*TASK BRIEF*.
Once the pictures are removed, restate the listing word for word.

*INPUT FOR THIS TASK*.

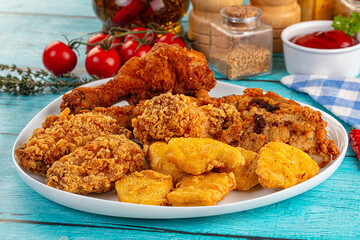 Golden crispy fried chicken mix - wings, drumsticks, nuggets and strips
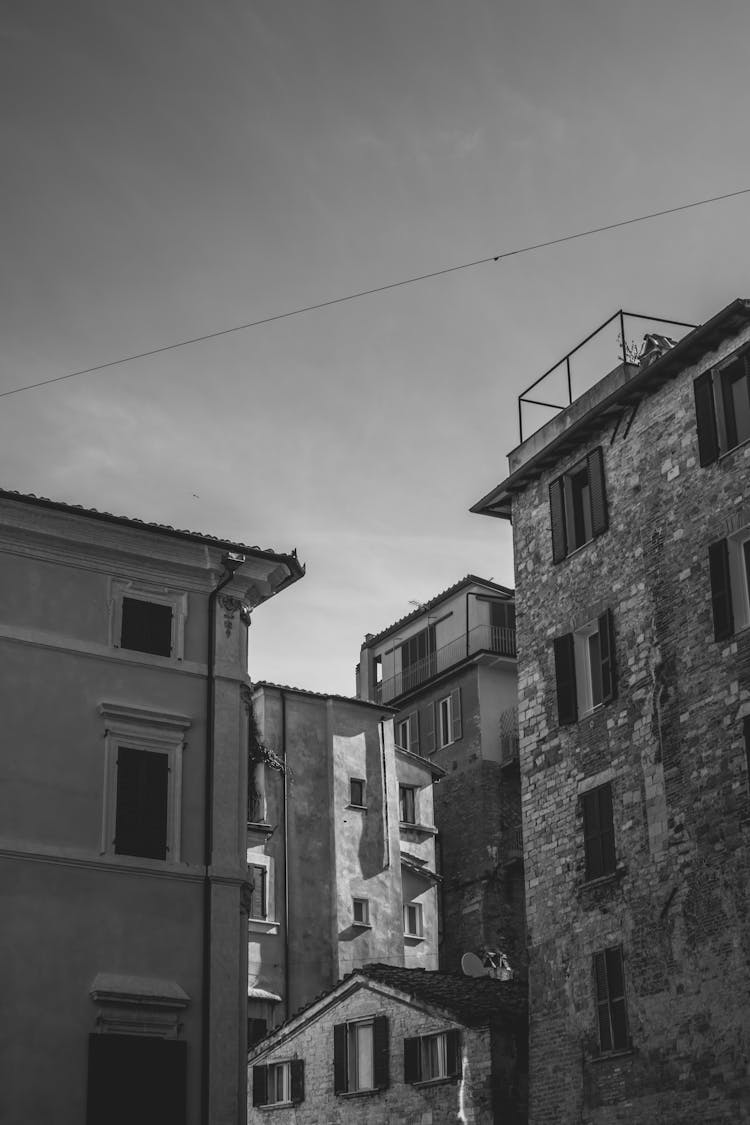 Stone And Brick Residential Buildings On Sky Background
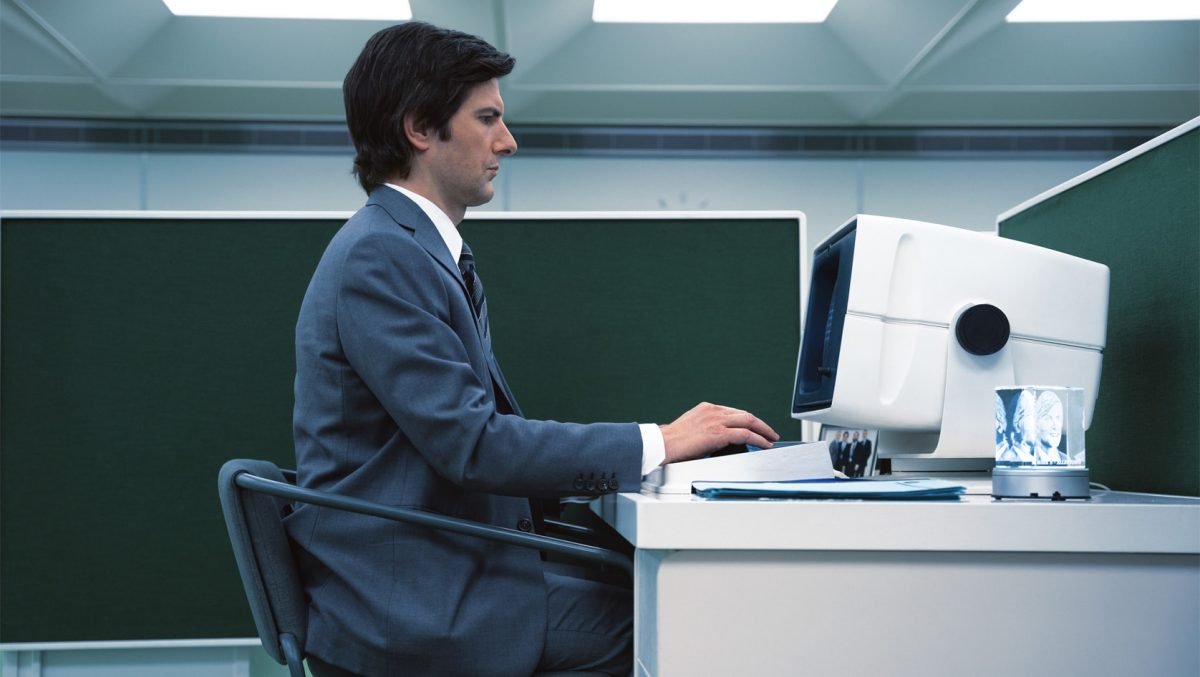 Adam Scott in a suit working at a computer in profile on Severance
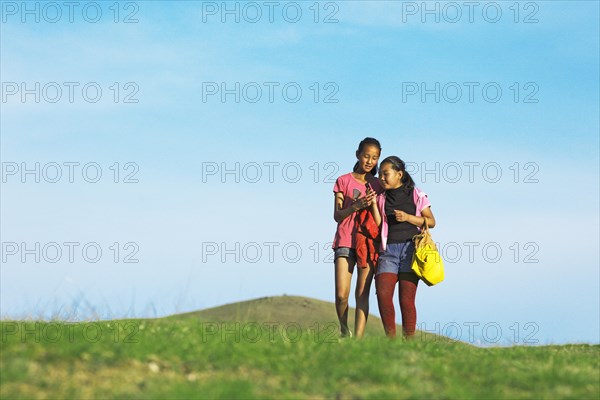 Girls with their mobile phones in the hills of Khakhorin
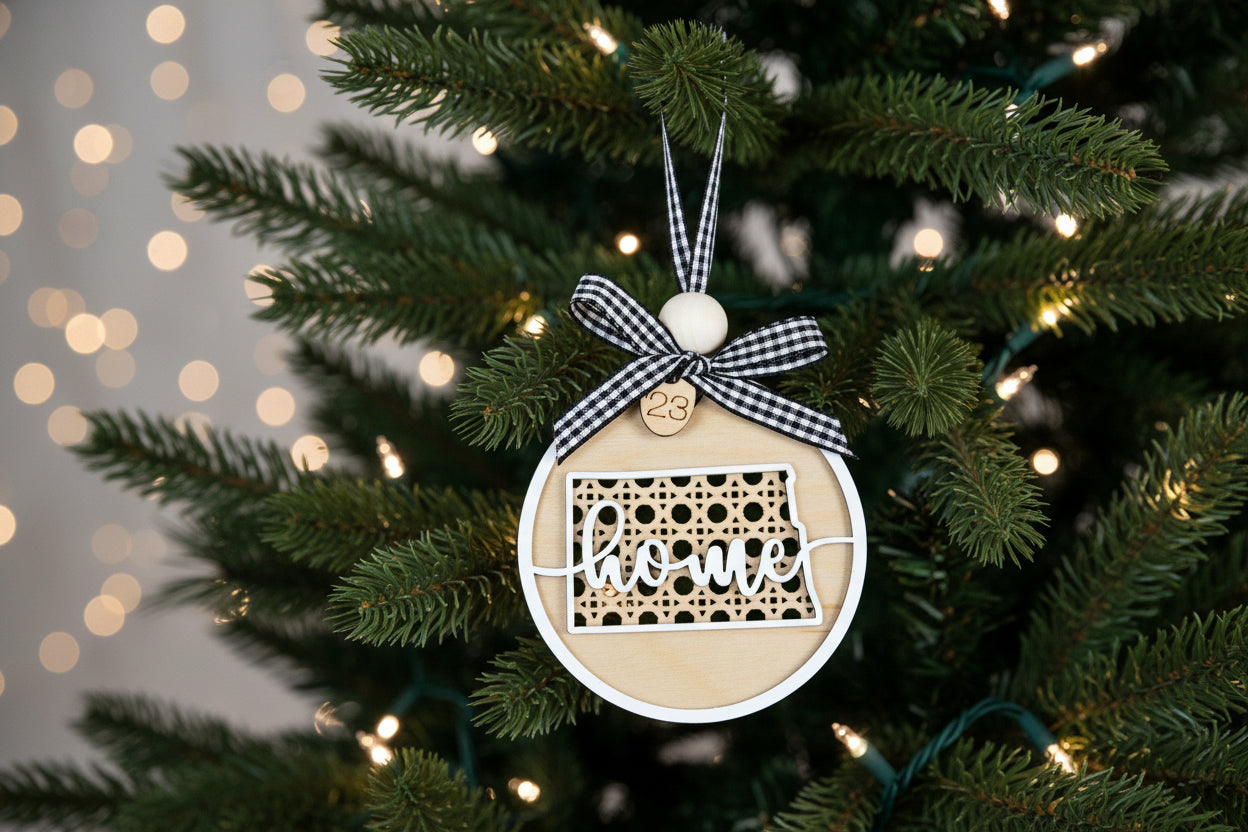 Christmas ornament with 'home' text on a decorated tree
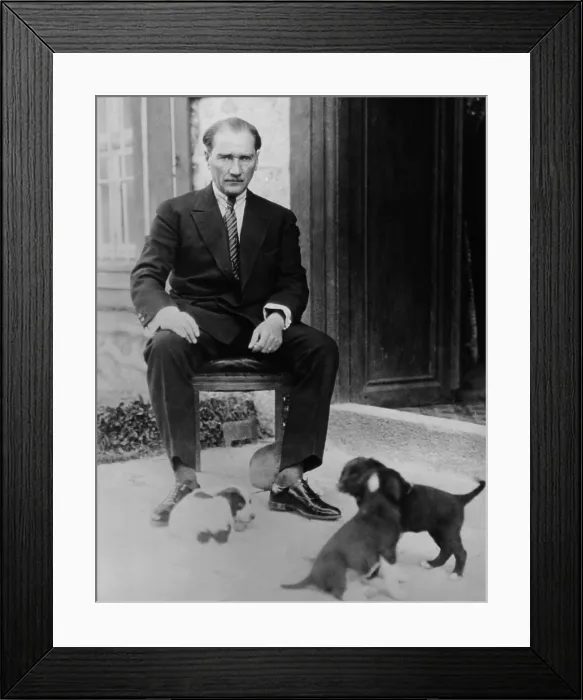Framed Print : Mustafa Kemal Ataturk, President of Turkey, with his pet dogs, ca. 1930 Framed Print : Mustafa Kemal Ataturk, President of Turkey, with his pet dogs, ca. 1930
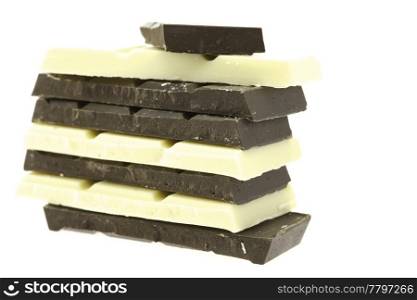 Tiles of dark and white chocolate isolated on white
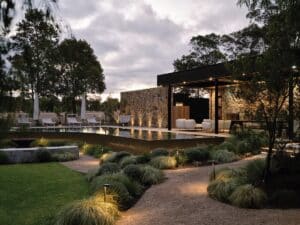 Key elements of the Peninsula Project included a pool, alfresco area, sun decks, fire pit, outdoor bath and shower, and amenities for year-round use. Image: Erik holtz/Landscaping Victoria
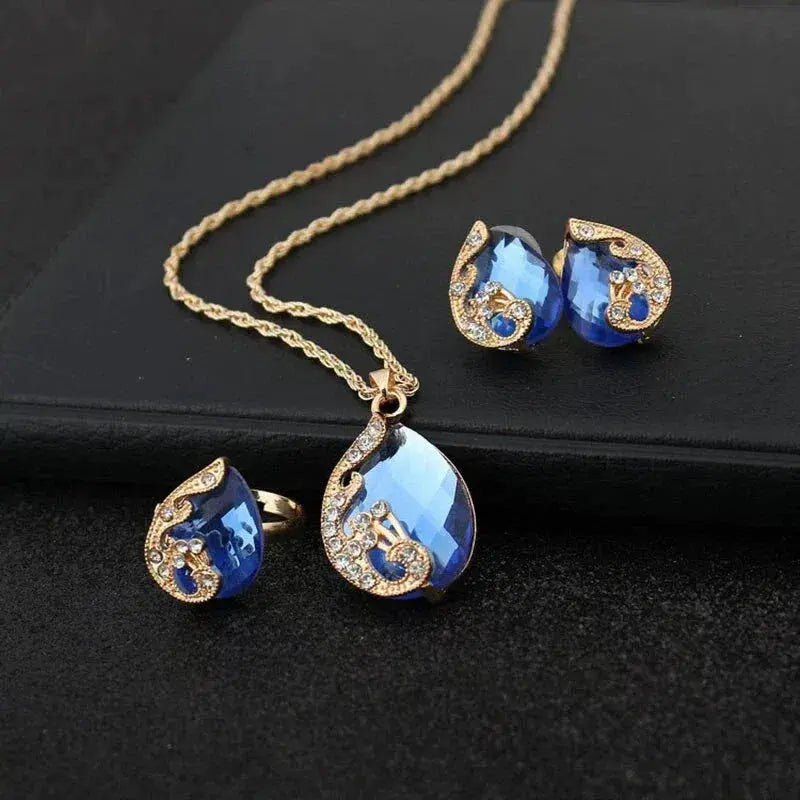Blue Crystal Necklace + Earring Set in Blue Crystal in Gold Unique Joyas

*RESPONSE*.
 Golden crispy fried chicken mix - wings, drumsticks, nuggets and strips
 Stone And Brick Residential Buildings On Sky Background
 Adam Scott in a suit working at a computer in profile on Severance
 Girls with their mobile phones in the hills of Khakhorin
 Christmas ornament with 'home' text on a decorated tree
Framed Print : Mustafa Kemal Ataturk, President of Turkey, with his pet dogs, ca. 1930 Framed Print : Mustafa Kemal Ataturk, President of Turkey, with his pet dogs, ca. 1930
 Tiles of dark and white chocolate isolated on white
 Key elements of the Peninsula Project included a pool, alfresco area, sun decks, fire pit, outdoor bath and shower, and amenities for year-round use. Image: Erik holtz/Landscaping Victoria
Blue Crystal Necklace + Earring Set in Blue Crystal in Gold Unique Joyas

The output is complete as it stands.